→ Problem to work on
Each record below is to be retyped exactly, with its pictures omitted.

[Input Boundary: Start]

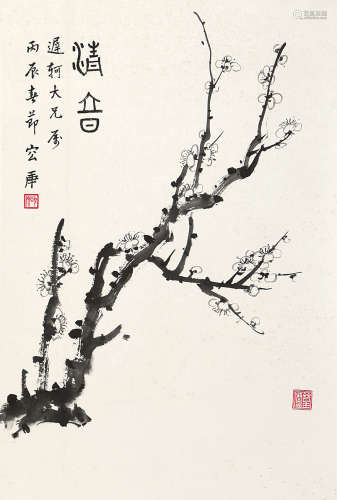 容  庚（1894-1983) 清音 纸本水墨 镜心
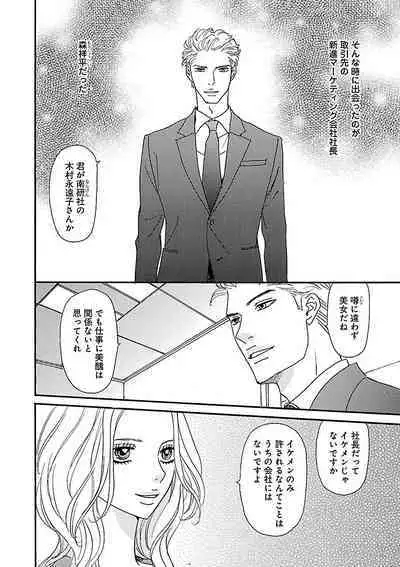 Renai LoveMax 2022-12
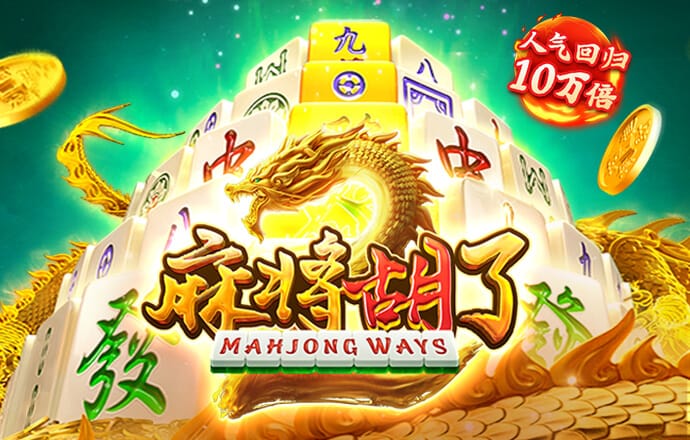 ng28南宫国际娱乐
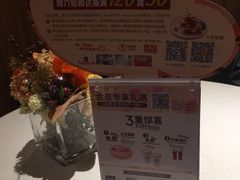 -哈根达斯(皇城恒隆广场店)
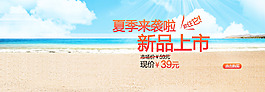 夏季来袭
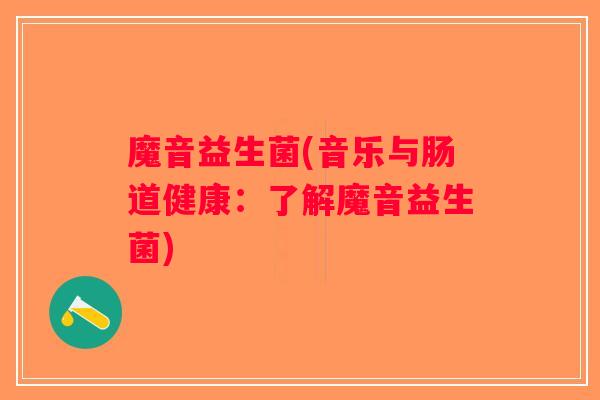 魔音益生菌(音乐与肠道健康：了解魔音益生菌)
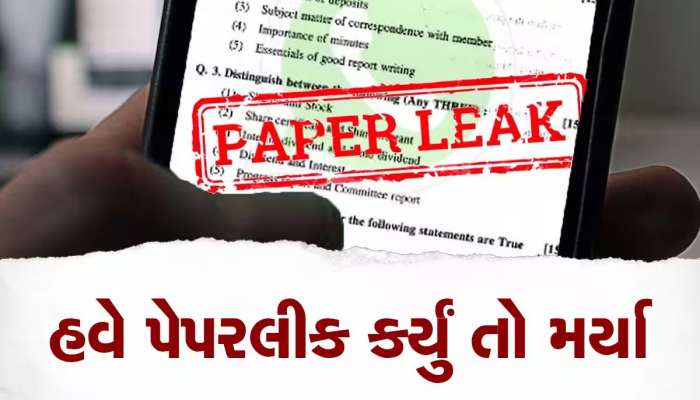 હવે પેપર લીક કરનારને થશે આકરી સજા, બિલને રાજ્યપાલે આપી મંજૂરી, જાણો સજા અને દંડની જોગવાઈ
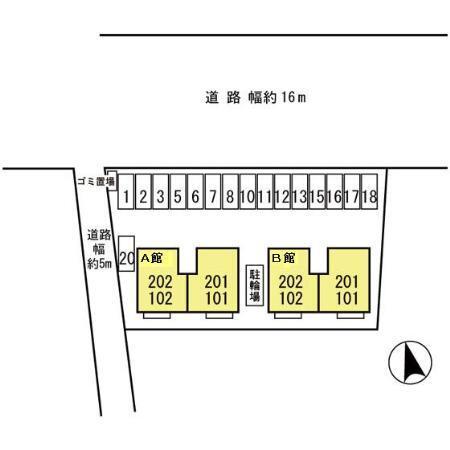 ソレイユ・ヴィラ　Ｂ館（202） その他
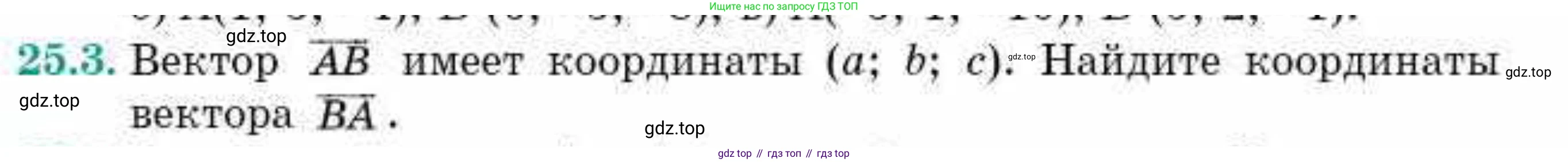 ГДЗ Геометрия, 10 класс Учебник, авторы: Смирнов Виктор Анатольевич, Туяков Есенкельды Алыбаевич, издательство Мектеп, Алматы, 2019, страница 133, номер 25.3, Условие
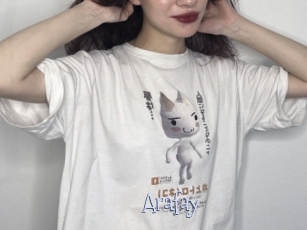 Arafay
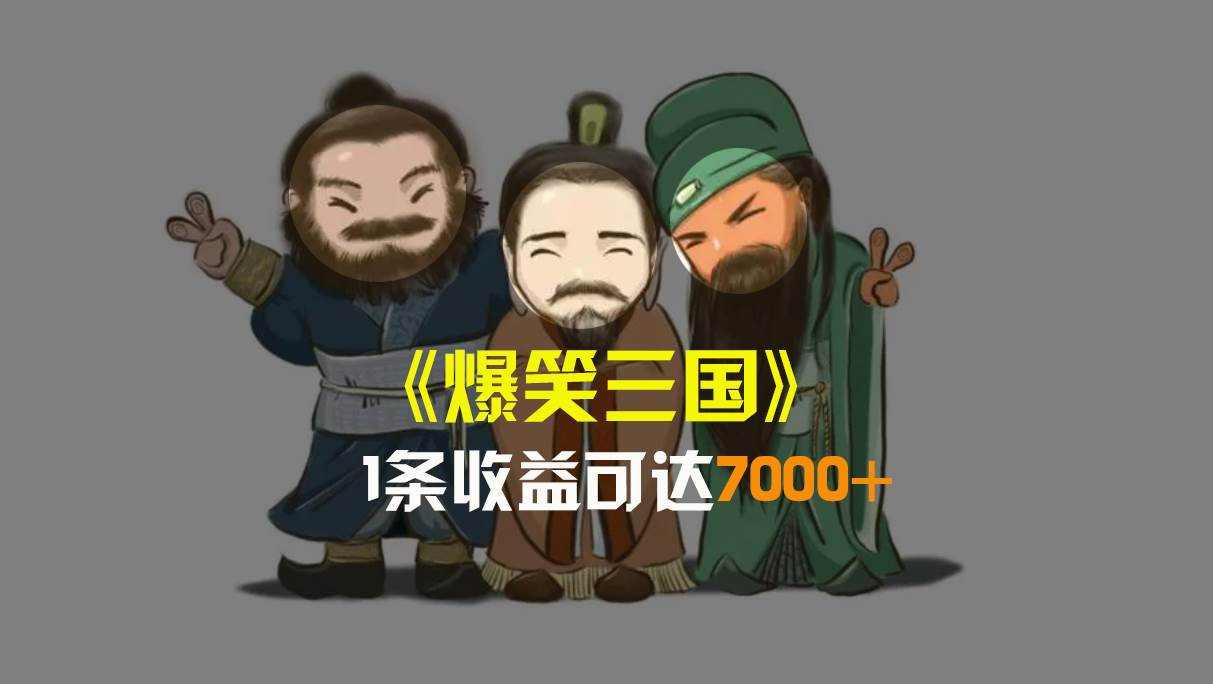 爆笑三国，条条爆款，5分钟1条原创视频，一条收益7000＋，一键分发多平台变现，简单无脑|媒矿库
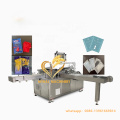/msite/products/detail/productid/63212778/id/1520219.html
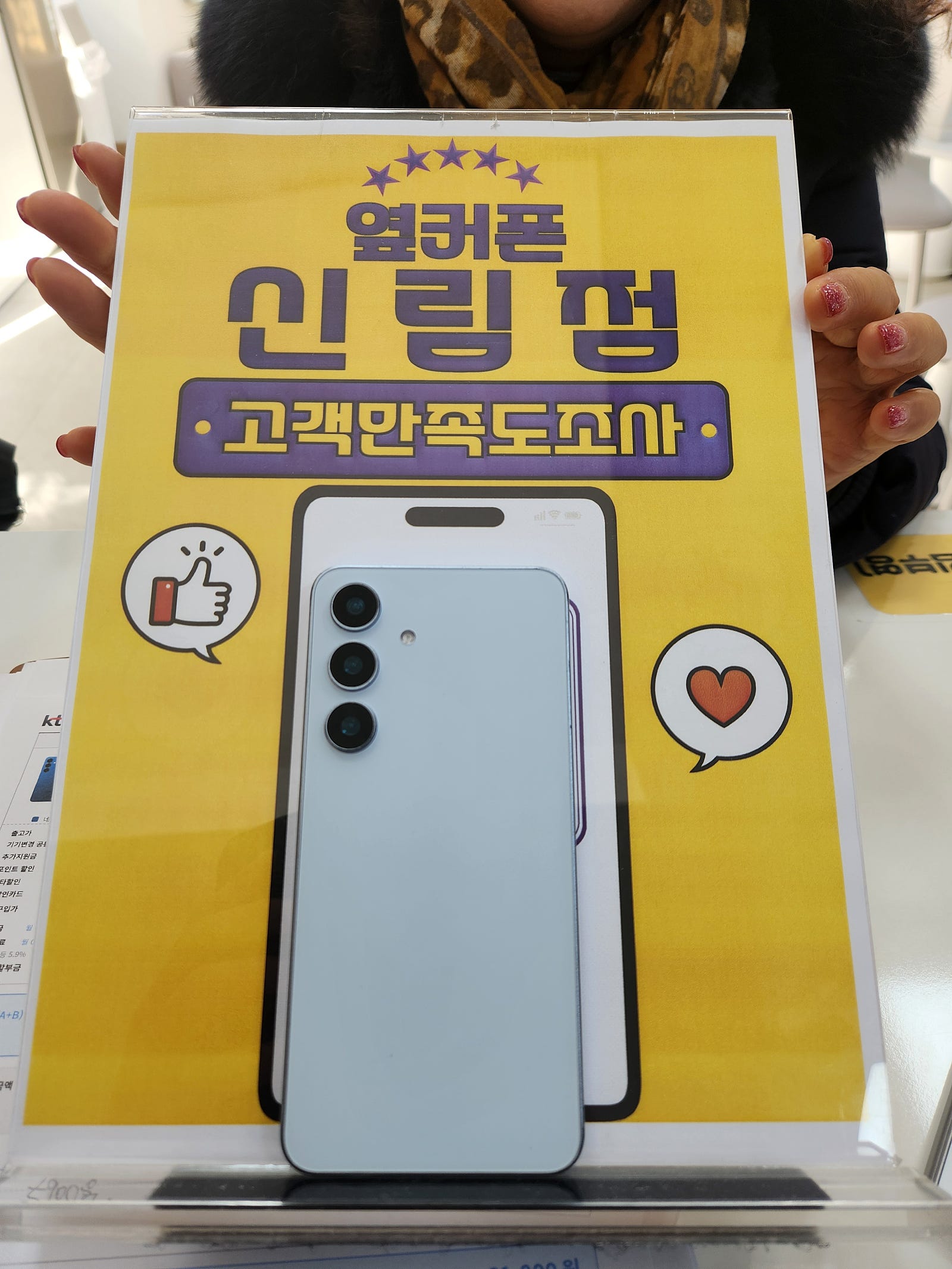 신림점 구매 젊은친구들 파이팅!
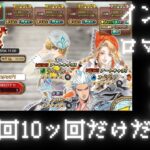 【インサガEC】【顔出し】【ロマサガRS】　ラベール口説く　だらだら配信【ライブ配信】【ガチャ】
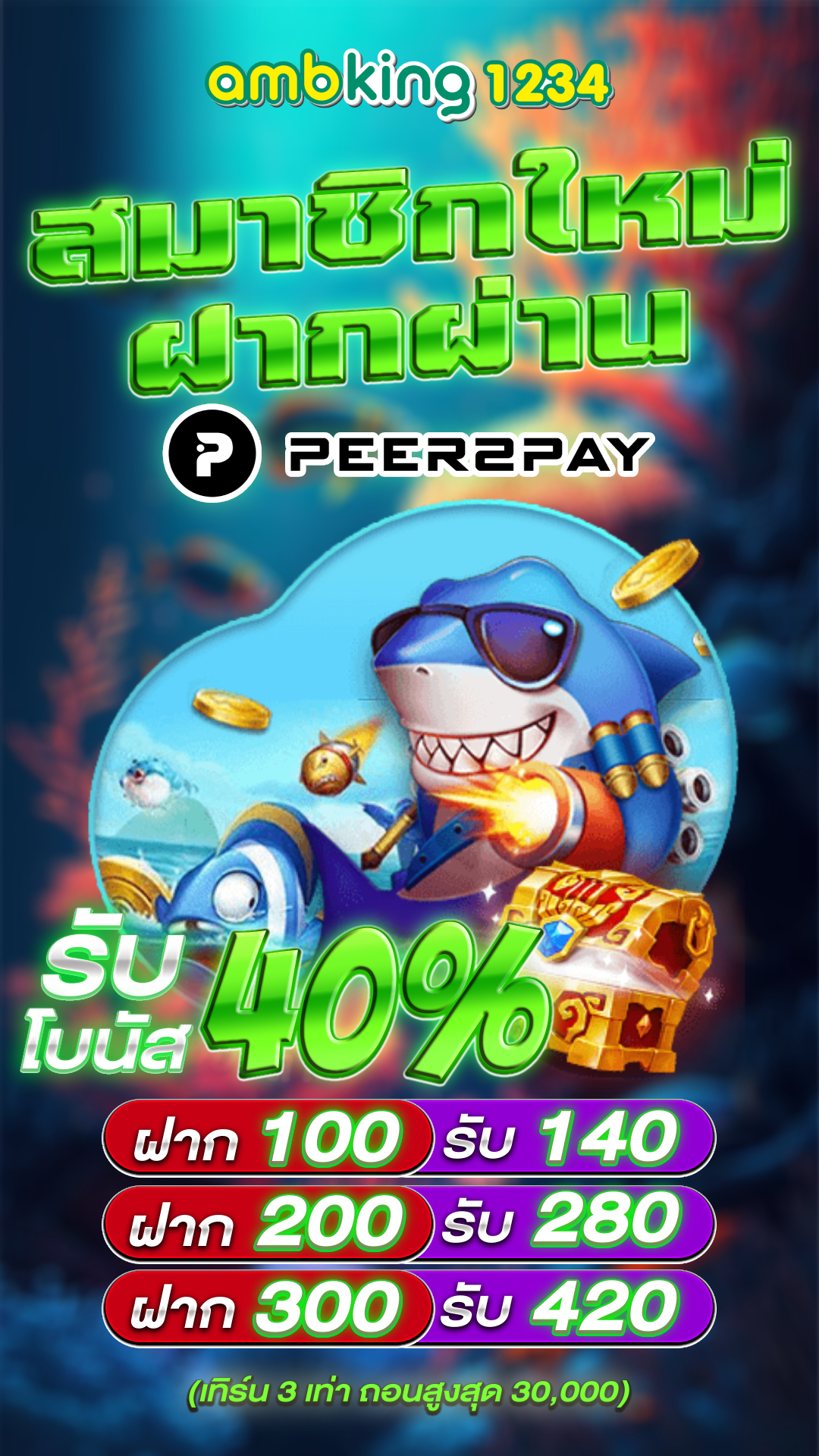 ฝากถอนวอเลท - แบนเนอร์โปรโมชั่น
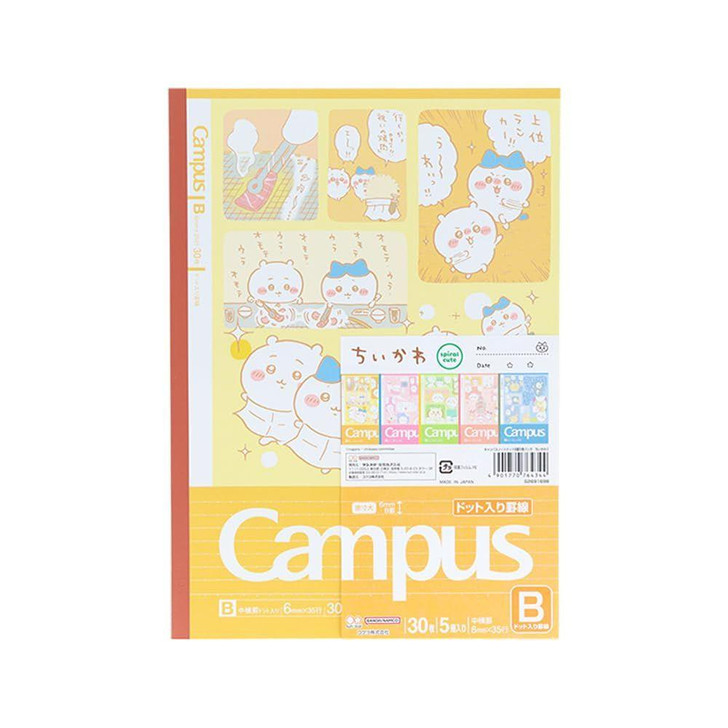 Other Chiikawa Campus Notebook B Ruled Pack Of 5 Books 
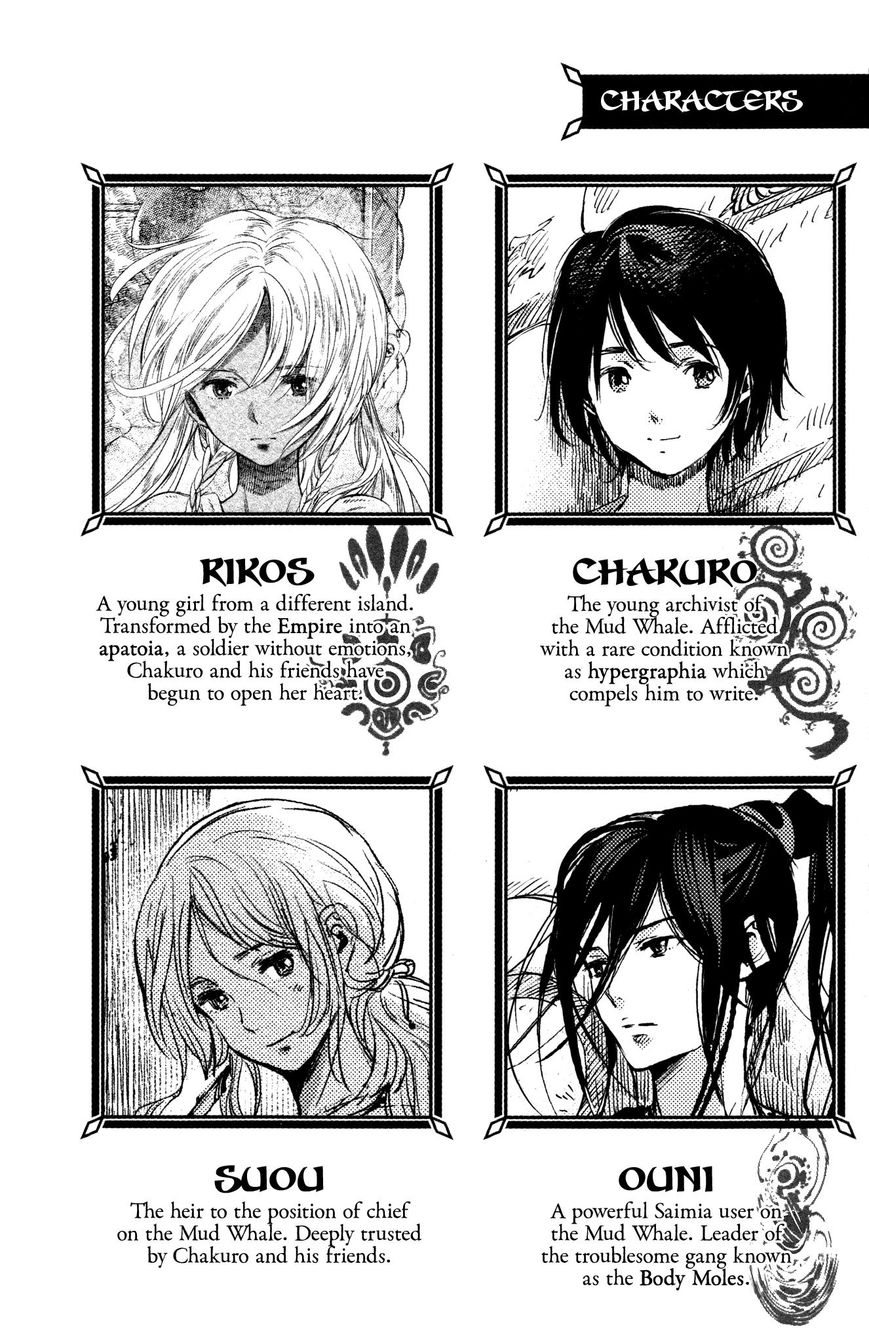 Kujira no Kora wa Sajou ni Utau Chapter 5 page 4 - Chapter 5 : Underneath the Masks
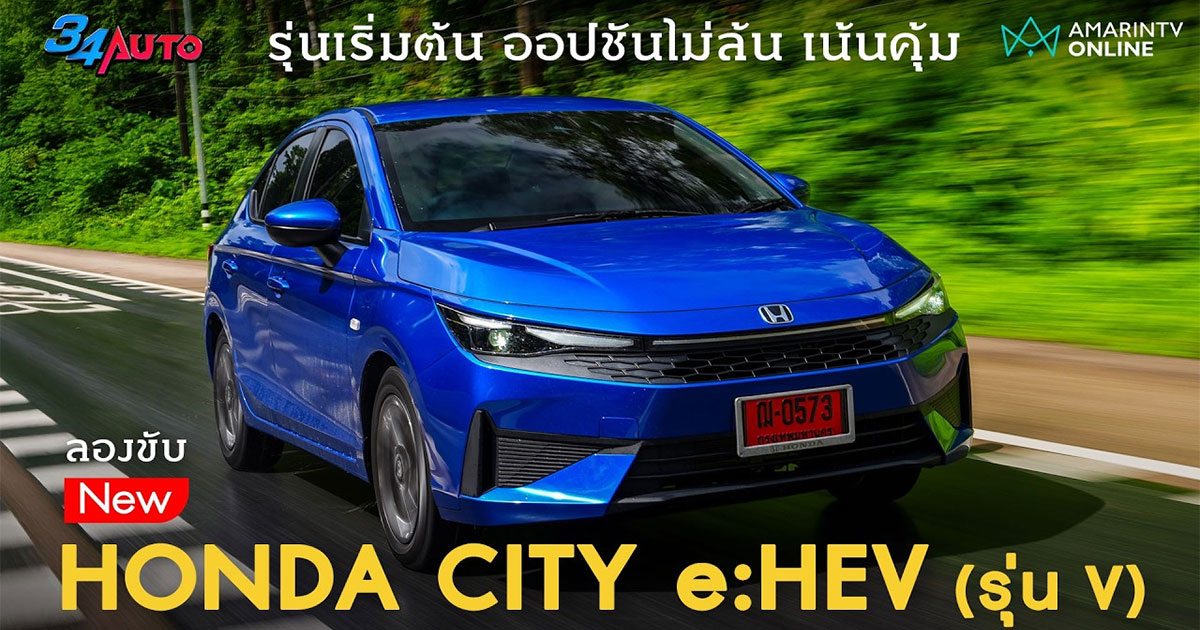 Honda City e:HEV เกรด V รุ่นเริ่มต้นของตัวไฮบริด แค่นี้พอไหม?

[Input Boundary: End]

→ Response to the exercise
 容  庚（1894-1983) 清音 纸本水墨 镜心
 Renai LoveMax 2022-12
 ng28南宫国际娱乐
 -哈根达斯(皇城恒隆广场店)
 夏季来袭
 魔音益生菌(音乐与肠道健康：了解魔音益生菌)
 હવે પેપર લીક કરનારને થશે આકરી સજા, બિલને રાજ્યપાલે આપી મંજૂરી, જાણો સજા અને દંડની જોગવાઈ
 ソレイユ・ヴィラ　Ｂ館（202） その他
 ГДЗ Геометрия, 10 класс Учебник, авторы: Смирнов Виктор Анатольевич, Туяков Есенкельды Алыбаевич, издательство Мектеп, Алматы, 2019, страница 133, номер 25.3, Условие
 Arafay
 爆笑三国，条条爆款，5分钟1条原创视频，一条收益7000＋，一键分发多平台变现，简单无脑|媒矿库
/msite/products/detail/productid/63212778/id/1520219.html
 신림점 구매 젊은친구들 파이팅!
 【インサガEC】【顔出し】【ロマサガRS】　ラベール口説く　だらだら配信【ライブ配信】【ガチャ】
 ฝากถอนวอเลท - แบนเนอร์โปรโมชั่น
 Other Chiikawa Campus Notebook B Ruled Pack Of 5 Books 
 Kujira no Kora wa Sajou ni Utau Chapter 5 page 4 - Chapter 5 : Underneath the Masks
 Honda City e:HEV เกรด V รุ่นเริ่มต้นของตัวไฮบริด แค่นี้พอไหม?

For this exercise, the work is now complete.